Jane Smiley, Thirteen Ways of Looking at the Novel

Smiley, a novelist, actually has only one way of looking at the novel, but what a way it is! Her definition of the form isolates what she sees as its five fundamental qualities: “lengthy written prose narratives with protagonists.” (She uses the phrase so frequently that I eventually came to abbreviate it mentally as “Le Wripronarp.”) Her analyses of the history, structure, psychology, morality, and craft of the novel integrate the five aspects of her definition beautifully, and she illustrates her points with abundant examples from the more than one hundred novels she read as background for the project.

Along the way, Smiley discusses similarities in the thematic concerns of many classic novels, common threads that lead her to make the trenchant observation that novels are apparently a way of trying to answer the question of how society ought to treat women. (It sounds ridiculous stated so baldly, but Smiley makes an admirable case for it.) She also describes her experience with writer’s block during the composition of her novel Good Faith, and offers refreshingly unique and encouraging advice on how to draft a novel of your own.

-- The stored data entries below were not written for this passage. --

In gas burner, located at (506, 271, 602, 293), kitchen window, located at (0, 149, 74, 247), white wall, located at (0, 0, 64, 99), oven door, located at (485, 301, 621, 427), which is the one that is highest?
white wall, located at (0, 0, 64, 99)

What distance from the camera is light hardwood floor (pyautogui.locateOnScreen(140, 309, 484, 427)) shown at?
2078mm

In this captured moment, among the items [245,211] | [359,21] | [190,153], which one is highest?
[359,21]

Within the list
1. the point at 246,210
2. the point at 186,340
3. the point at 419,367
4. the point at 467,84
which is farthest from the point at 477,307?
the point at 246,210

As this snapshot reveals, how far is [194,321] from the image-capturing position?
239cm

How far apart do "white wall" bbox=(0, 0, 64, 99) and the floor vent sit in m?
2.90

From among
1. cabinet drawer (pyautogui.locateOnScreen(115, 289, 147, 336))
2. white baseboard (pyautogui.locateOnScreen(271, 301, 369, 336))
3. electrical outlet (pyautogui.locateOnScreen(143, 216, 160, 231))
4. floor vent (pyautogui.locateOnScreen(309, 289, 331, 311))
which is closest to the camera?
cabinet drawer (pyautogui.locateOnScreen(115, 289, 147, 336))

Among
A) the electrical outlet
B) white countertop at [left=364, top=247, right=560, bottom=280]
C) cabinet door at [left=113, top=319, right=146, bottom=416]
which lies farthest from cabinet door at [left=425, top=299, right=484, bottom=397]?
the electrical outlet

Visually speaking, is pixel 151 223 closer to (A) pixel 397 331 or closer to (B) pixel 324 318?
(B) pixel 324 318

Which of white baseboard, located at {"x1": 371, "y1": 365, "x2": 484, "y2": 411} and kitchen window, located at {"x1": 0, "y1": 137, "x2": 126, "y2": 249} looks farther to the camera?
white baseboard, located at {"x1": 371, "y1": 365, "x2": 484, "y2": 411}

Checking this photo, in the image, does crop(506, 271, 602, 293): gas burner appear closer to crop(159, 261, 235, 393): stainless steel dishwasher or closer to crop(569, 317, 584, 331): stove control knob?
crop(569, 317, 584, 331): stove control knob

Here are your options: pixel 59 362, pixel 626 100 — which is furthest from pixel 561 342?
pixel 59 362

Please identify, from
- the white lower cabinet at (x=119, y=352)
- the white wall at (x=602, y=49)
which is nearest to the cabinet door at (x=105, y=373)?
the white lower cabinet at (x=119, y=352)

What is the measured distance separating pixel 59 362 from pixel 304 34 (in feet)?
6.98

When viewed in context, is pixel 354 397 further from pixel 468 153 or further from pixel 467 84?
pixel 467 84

I had only two quarrels with this mostly marvelous compendium. First, Smiley has an eccentrically mathematical approach to explaining a novel’s standard structure (exposition, rising action, climax, denouement). According to Smiley, the exposition should take up the first 10 percent of the text; the rising action should somehow begin to accelerate or refresh at a point about 62 (!) percent of the way through the book; and the climax should come at about the 85- to 90-percent mark.

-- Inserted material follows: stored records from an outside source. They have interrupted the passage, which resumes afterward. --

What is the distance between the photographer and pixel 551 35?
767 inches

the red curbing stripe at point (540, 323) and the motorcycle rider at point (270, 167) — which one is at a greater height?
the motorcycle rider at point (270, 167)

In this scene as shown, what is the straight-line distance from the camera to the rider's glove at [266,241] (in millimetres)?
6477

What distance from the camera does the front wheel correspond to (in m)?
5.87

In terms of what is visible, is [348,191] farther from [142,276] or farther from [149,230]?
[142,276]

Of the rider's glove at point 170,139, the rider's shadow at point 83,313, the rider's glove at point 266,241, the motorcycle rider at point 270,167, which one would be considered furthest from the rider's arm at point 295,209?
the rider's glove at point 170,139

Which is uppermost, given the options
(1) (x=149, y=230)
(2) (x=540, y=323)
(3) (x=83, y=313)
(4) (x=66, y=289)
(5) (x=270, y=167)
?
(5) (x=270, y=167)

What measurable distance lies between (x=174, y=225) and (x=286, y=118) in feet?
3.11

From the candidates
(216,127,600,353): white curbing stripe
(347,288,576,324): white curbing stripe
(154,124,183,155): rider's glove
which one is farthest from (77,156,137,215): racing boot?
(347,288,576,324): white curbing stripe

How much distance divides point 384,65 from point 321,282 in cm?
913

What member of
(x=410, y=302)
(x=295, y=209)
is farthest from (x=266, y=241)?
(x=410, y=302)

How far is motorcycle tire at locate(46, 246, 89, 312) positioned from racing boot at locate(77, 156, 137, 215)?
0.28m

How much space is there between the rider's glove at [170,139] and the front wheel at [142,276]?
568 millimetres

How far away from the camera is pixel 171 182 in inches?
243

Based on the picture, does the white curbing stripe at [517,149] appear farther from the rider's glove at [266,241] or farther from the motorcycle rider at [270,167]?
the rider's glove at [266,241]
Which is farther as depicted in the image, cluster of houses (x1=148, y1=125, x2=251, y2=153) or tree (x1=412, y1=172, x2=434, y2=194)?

Second, I think Smiley makes a nearly fatal mistake by devoting the latter 300 pages of this nearly 600-page volume to brief essays on each of the one-hundred-plus books she read as background, arranged in chronological order of the novels’ first publication. The examples she used in the earlier chapters were perfectly chosen and more than sufficient to make her points, so encountering them again in the context of longer descriptions of each book feels redundant and even irritating. Also irritating is the way Smiley seems to lose her objectivity as she progresses from past to present, so that when she gets to novels that were being published during her own career she sometimes seems too eager merely to quibble with them rather than, as with the earlier novels, discussing them in terms of their innovative qualities or their relationships to other works. These choices almost (but not quite) lead Smiley to squander all of the good will she earned from the reader in the book’s first half. The essays could just as easily, and more effectively, have been spun off into a separate book—perhaps a guide for reading groups?